Pesquisa mostra que americanos ainda estão otimistas quanto à economia

Thomas A. Fogarty e Sandra Block
USA Today

O mercado de ações é repugnante e a economia navega por mares agitados. Mas uma pesquisa USA Today/Gallup revelou uma profunda fonte de otimismo no país, até mesmo entre os norte-americanos que foram diretamente atingidos pela crise.

Um exemplo é Debra Espelund, de 41 anos, gerente empresarial em Lincoln, Nebraska. Os entrevistadores descobriram que ela é uma otimista ansiosa. Debra não consulta mais os extratos mensais do seu fundo de aposentadoria. Ela se preocupa com as finanças familiares. E está furiosa com "os idiotas" responsáveis pelos ataques de 11 de setembro, que acredita serem os culpados pelos transtornos econômicos.

Apesar de tudo, Espelund diz: "Não sei quando ou como acontecerá, mas vamos superar os problemas. Essa é a natureza do país no qual vivemos. É assim que nós somos".

A visão dos norte-americanos quanto à economia e os investimentos se encaixa em cinco grupos básicos, segundo a pesquisa Gallup, feita com 1.003 adultos, finalizada no dia 31 de julho. Em um extremo estão os norte-americanos atingidos pelas perdas nas Bolsas de Valores, irritados com a situação das finanças pessoais e pessimistas quanto à economia. No extremo oposto estão aqueles que não foram afetados pelo mercado de ações, que estão confiantes quanto às próprias finanças e otimistas com relação às perspectivas econômicas.

Segundo a pesquisa, os tranqüilos e os otimistas -- os dois maiores grupos, que formam a maioria dos norte-americanos -- se preocupam pouco com a possibilidade de desemprego, recessão, gastos com saúde e educação, aposentadoria ou a queda do padrão de vida. Coloque em meio a esses dois grupos os otimistas ansiosos, como Espelund -- muitos deles indivíduos de meia-idade e do Centro-Oeste dos Estados Unidos -- e se perceberá que uma nítida maioria está se agarrando à esperança de que o período de adversidades passará.

Esse retrato do humor econômico da nação não dá margem a previsões. Mas um dos elaboradores da pesquisa, David Moore, cita algumas implicações. Entre elas:

A economia. Os tranqüilos e os otimistas -- que são 54% da população -- expressam preocupação mínima quanto à redução de gastos. Isso sugere que uma súbita queda do consumo é improvável. Além disso, consumidores dispostos a gastar poderiam encorajar os acionistas.

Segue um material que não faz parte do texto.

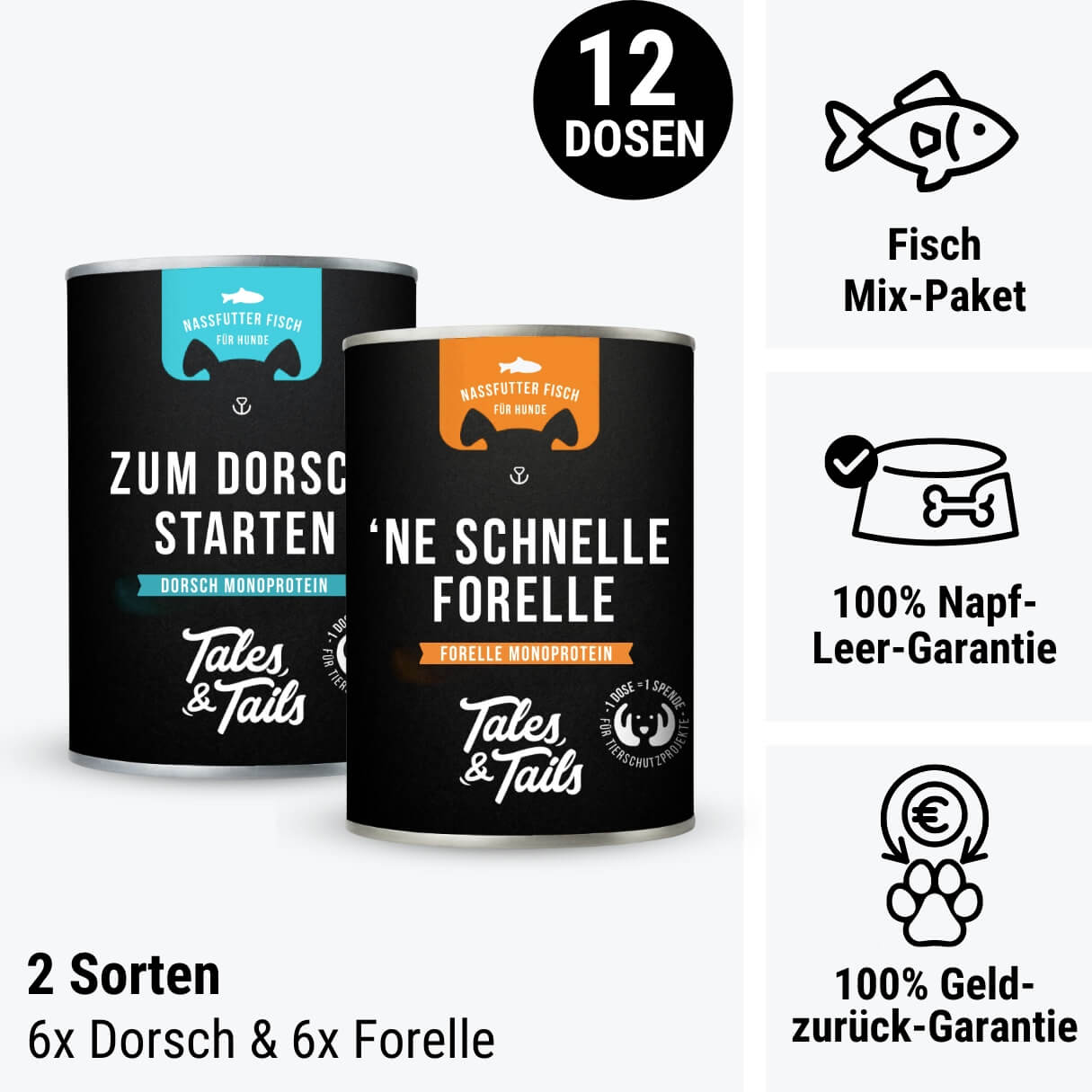Zweierlei Fisch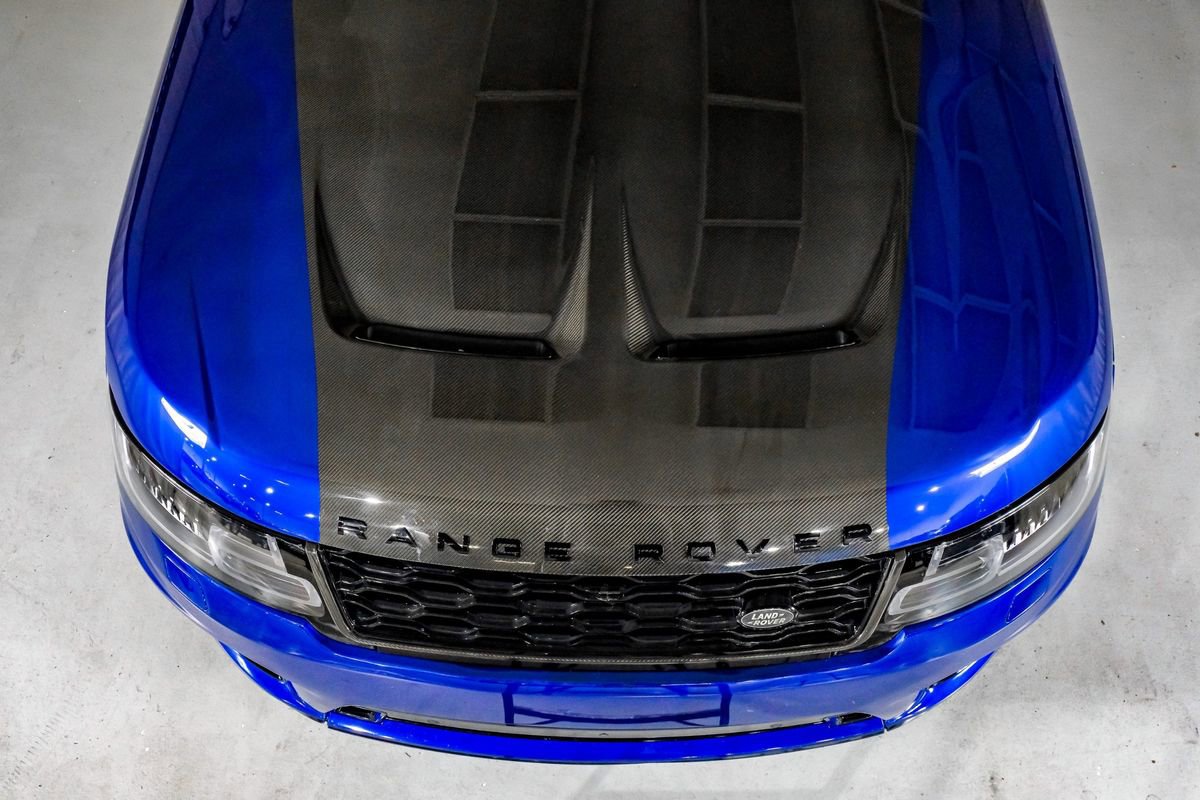 Used 2022 Land Rover Range Rover Sport SVR Carbon Edition image 37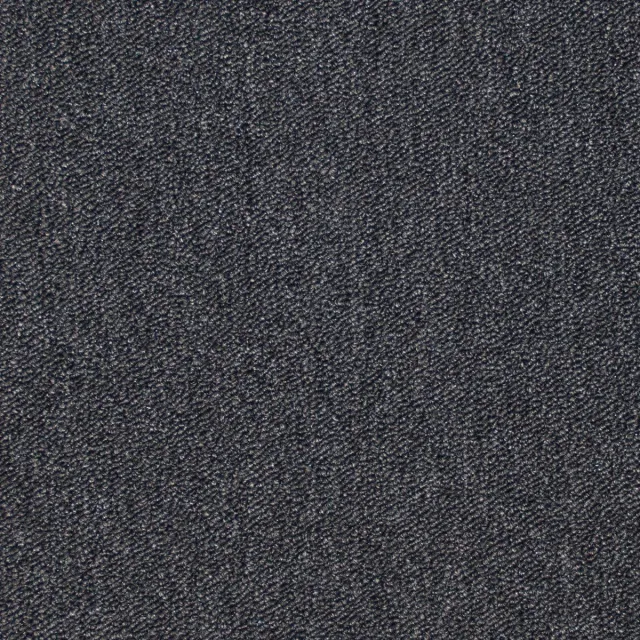 MonsterShop Tapijttegels - zwart - 50x50cm - 20 stuks (5 m²)
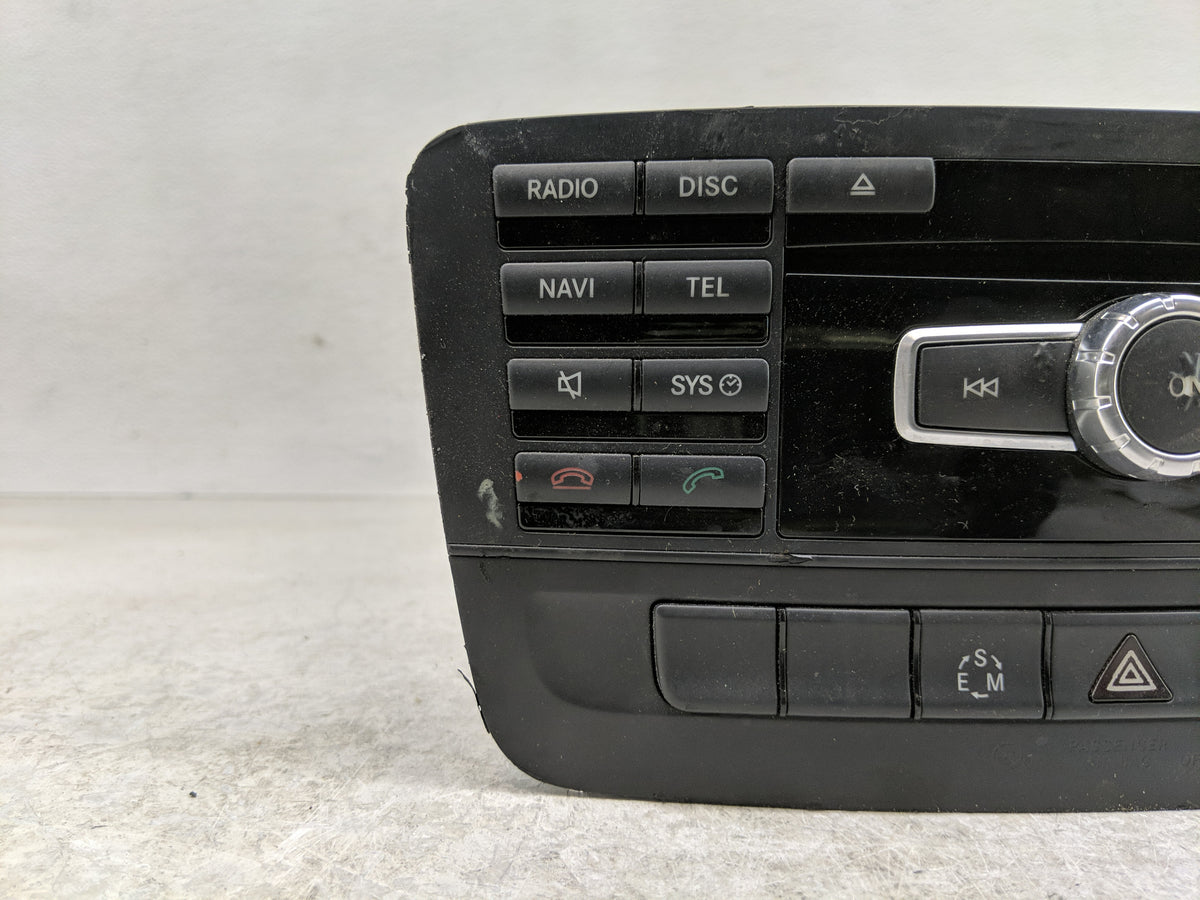 2014 Mercedes-Benz Cla180 Radio AM FM Cd Player Receiver Replacement P/N:A 212 902 23 09 A 246 901 19 05 Fits Fits 2015 2016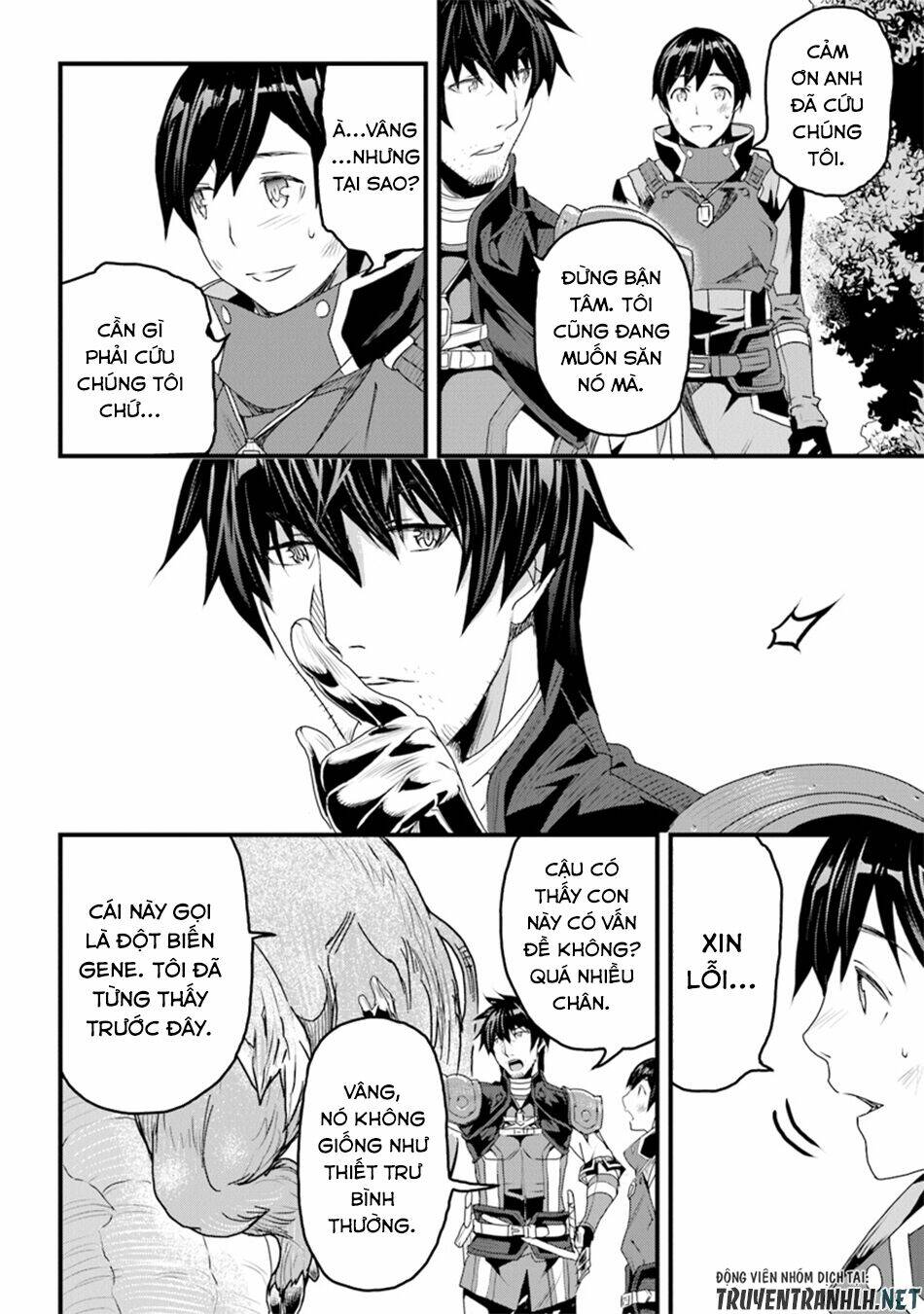 yakudatazu skill ni jinsei o sosogikomi 25-nen, imasara saikyou no boukentan midori kashi no akira chapter 9 35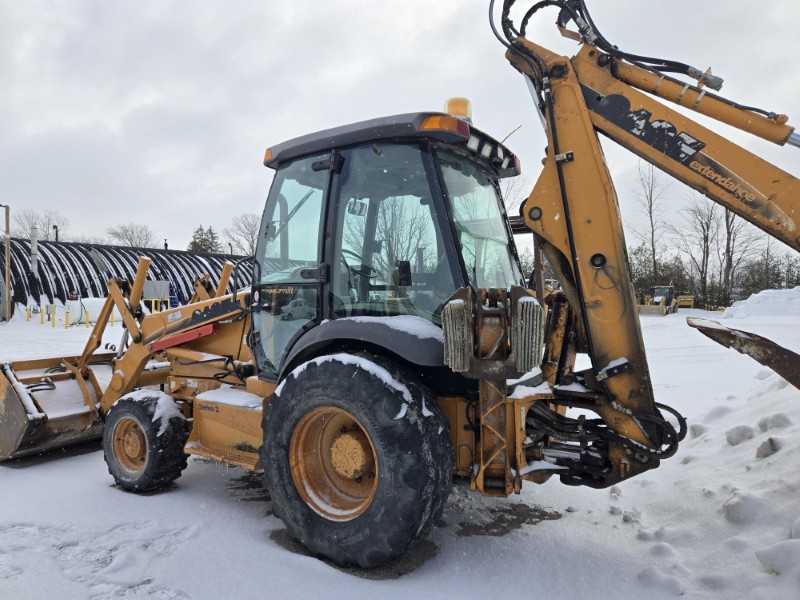 2006 Case 580SM-2 Tractor Loader Backhoe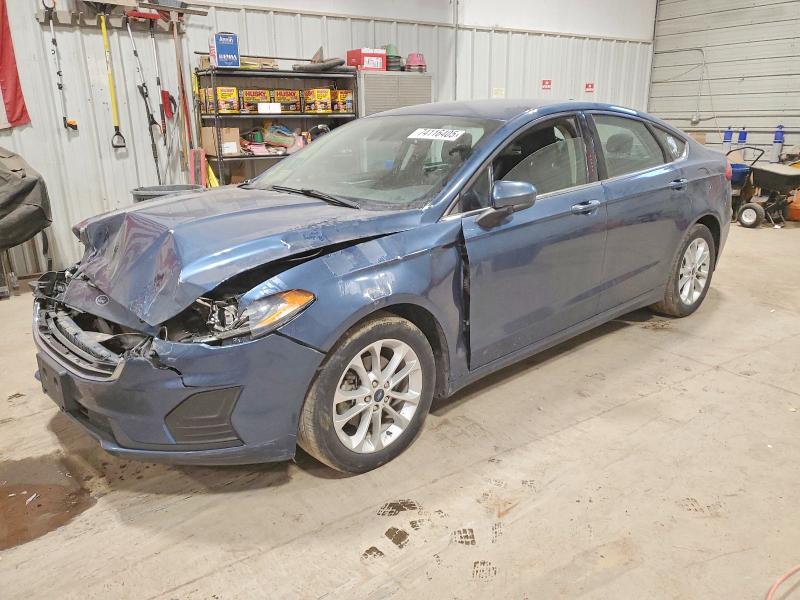 Photo 1 from auction – 2019 FORD FUSION with VIN 3FA6P0H73KR275703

Política. Os dois grupos anteriores são predominantemente republicanos, aprovam a performance do presidente Bush e acreditam que um congresso controlado pelo Partido Republicano seria melhor para o país. Isso significa bons augúrios para o Partido Republicano nas eleições parlamentares de novembro.

Os norte-americanos não são Polianas quando se trata de avaliar as condições econômicas do país. Dois em cada três entrevistados disseram ver a atual economia de forma negativa. E 71% dizem que levará mais de um ano para que o país se recupere completamente. Quase dois terços dos entrevistados afirmam que as fortes quedas nas Bolsas de Valores se constituem em uma crise ou em um grande problema.

A despeito disso, Moore, do Gallup, diz que os norte-americanos estão longe de encarar as condições atuais como sendo as do dia do juízo final.

"A maioria das pessoas se sente em geral confortável com a situação, ou pelo menos otimista com a possibilidade de que ela melhore", diz ele.